# Spsp 9/14



## Grilled Sardine (Apr 22, 2008)

Hit up spsp with Stupidjet this afternoon...fished from 1 to around 5. Caught some nice stripers. Biggest was around 26" caught by stupid jet. Some around 18" and some around 22". Awesome day kayaking...bay was like a pond with no wind. After we caught our limit on stripers we tried for some blues but no luck. We also caught some monster spot, 8-12". Sorry no pics...waiting for waterproof camera.


----------



## EDMboarder (Mar 18, 2005)

Saw you guys out there, made me wish i had brought my yak with me.


----------



## RuddeDogg (Mar 20, 2004)

Great work. Congrats.


----------



## stonemason (Aug 4, 2006)

EDMboarder said:


> Saw you guys out there, made me wish i had brought my yak with me.

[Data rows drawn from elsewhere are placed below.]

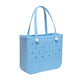 Lady Large Beach Bag Travel Tote Bag Casual Shopping Bag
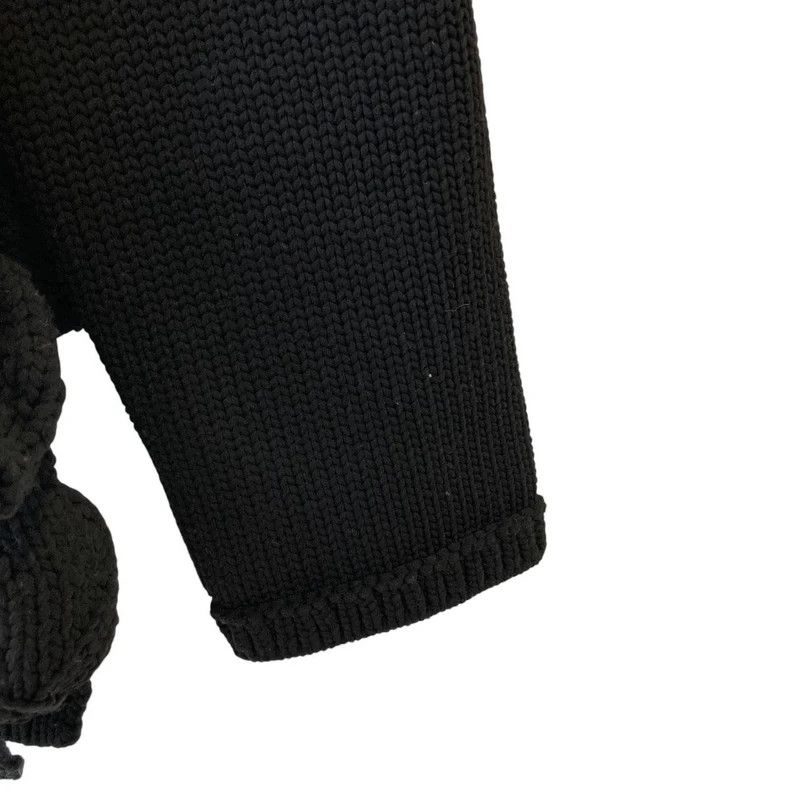 Comme des Garcons Comme Des Garcons Distorted Tentacle Knit Size S / US 4 / IT 40 - 6 Thumbnail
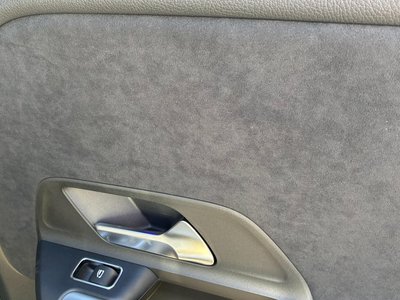 صورة مصغرة 17 لـ 2025 Mercedes-BENZ GLA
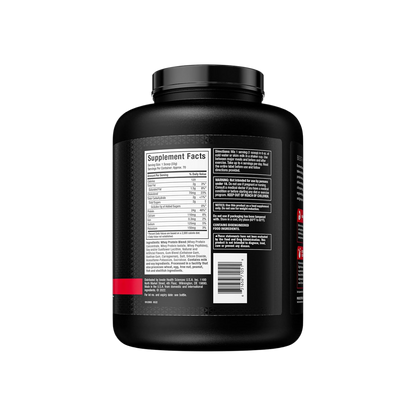 Nitro Tech Whey Gold 5lbs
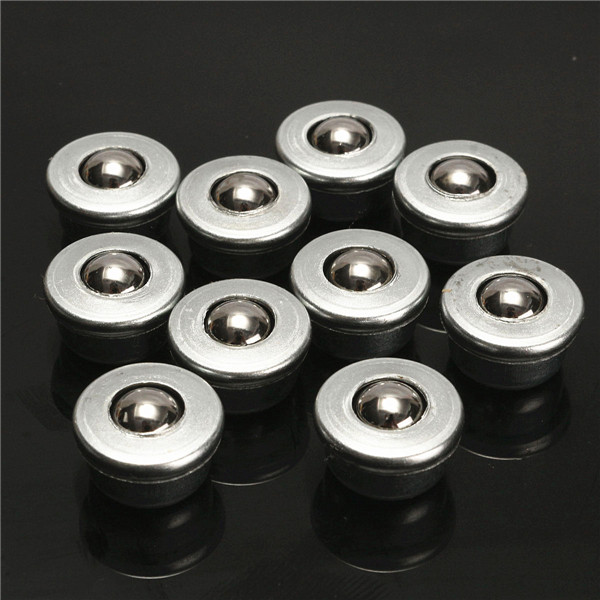 10pcs-8mm-Diameter-Ball-Metal-Transfer-Bearing-Unit-Conveyor-Roller-CY-8H-Ball-Bearing-1053879-7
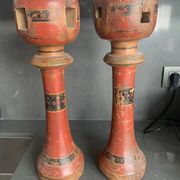 Objets insolites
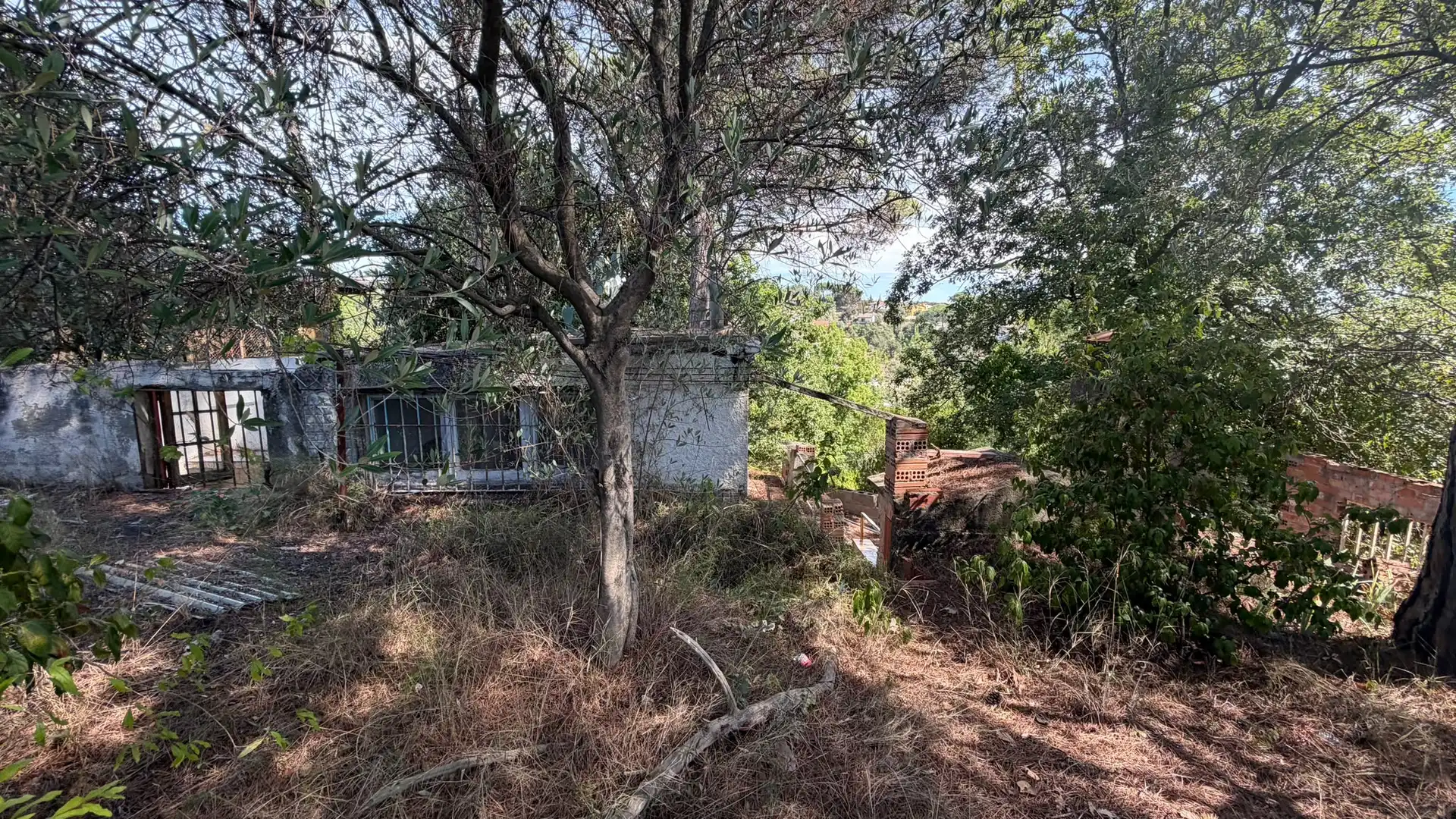 Residential for sale in Riells i Viabrea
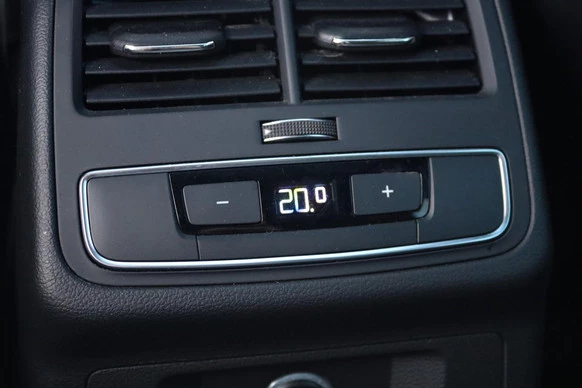 Audi S4 - Afbeelding 17 van 24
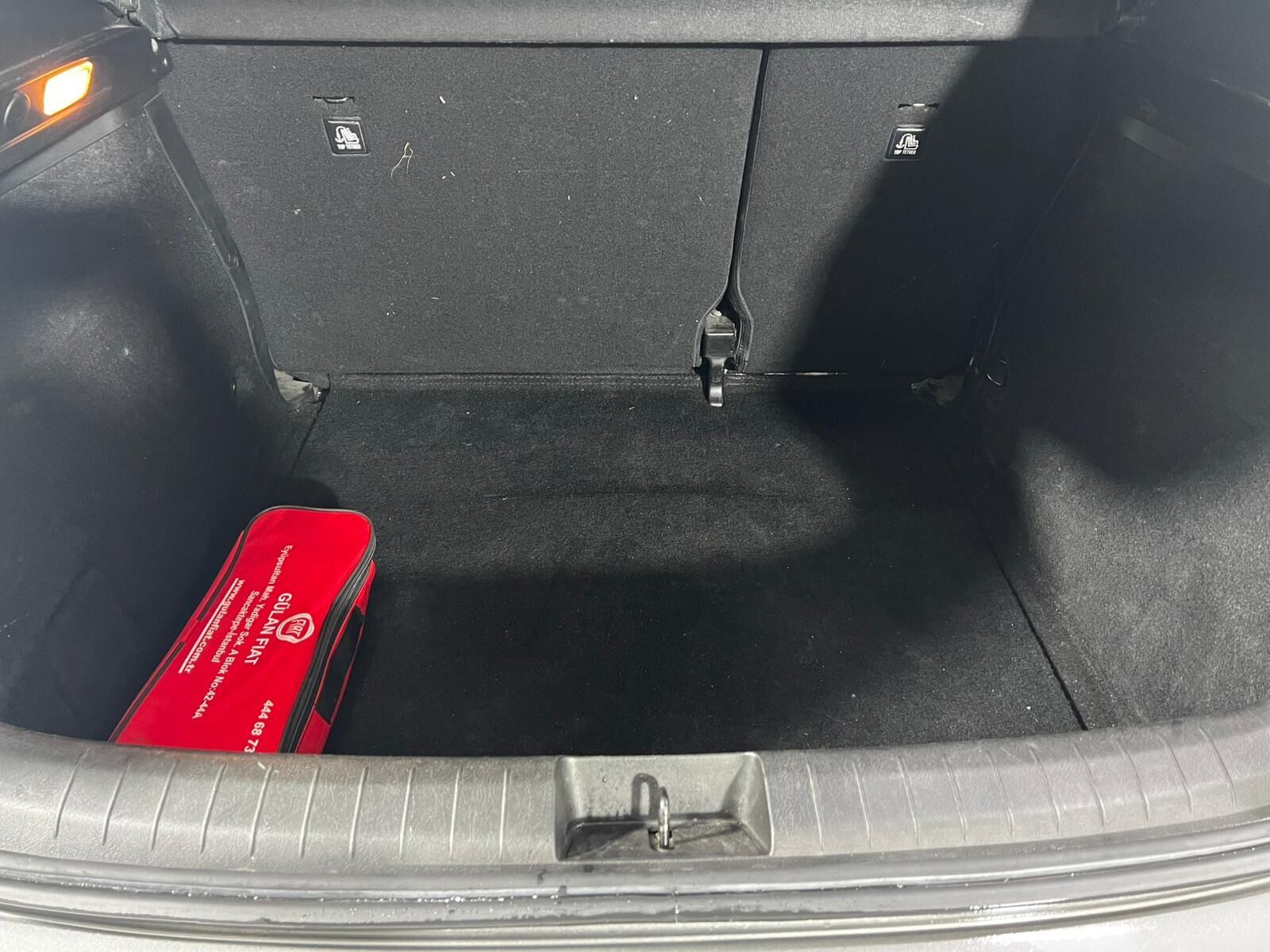 2024 Fiat Egea Cross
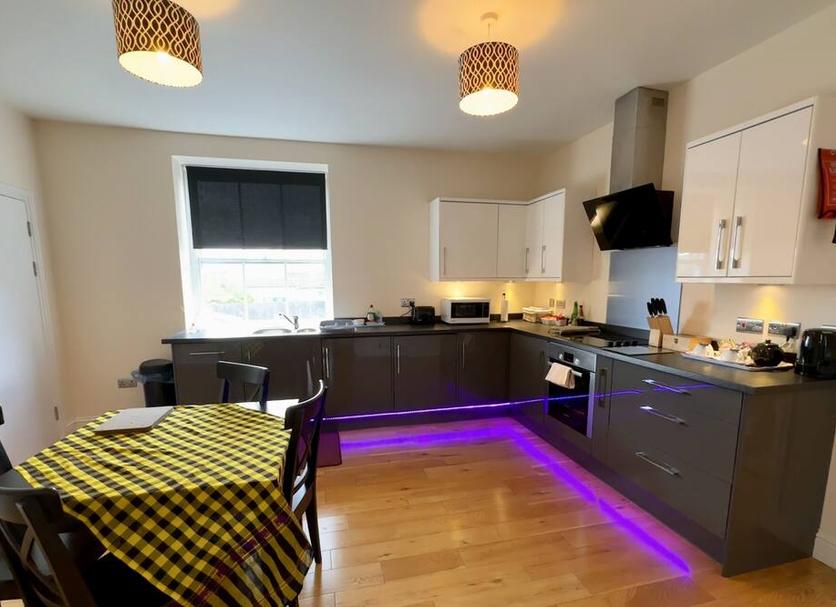 Kitchen Photo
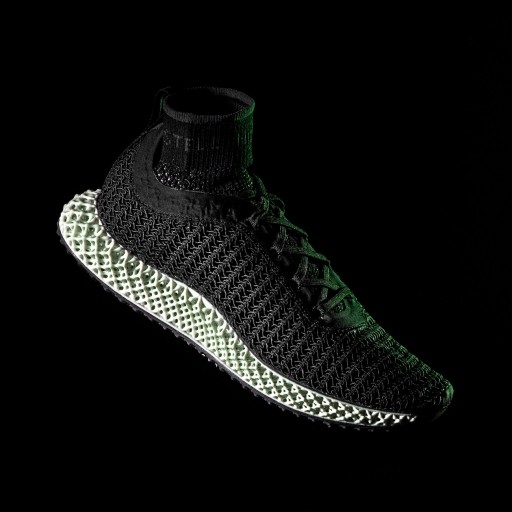 ADIDAS STELLA McCARTNEY ALPHAEDGE 4D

were you fishing from the beach?


----------



## EDMboarder (Mar 18, 2005)

Yea was fishing on the beach. Catching some blues and some cownose rays.


----------



## NTKG (Aug 16, 2003)

EDMboarder said:


> Yea was fishing on the beach. Catching some blues and some cownose rays.


dude why you fishin spsp? come down and catch some drum little one.


----------



## Jesse Lockowitz (Feb 13, 2006)

NTKG said:


> dude why you fishin spsp? come down and catch some drum little one.


people that live in BFE, MD, dont know what drum look like 



Jesse


----------



## EDMboarder (Mar 18, 2005)

NTKG said:


> dude why you fishin spsp? come down and catch some drum little one.



Was only catching my drum bait there. Drum are this week:fishing:


----------



## Jesse Lockowitz (Feb 13, 2006)

EDMboarder said:


> Was only catching my drum bait there. Drum are this week:fishing:


bait is *C R U C I A L*


----------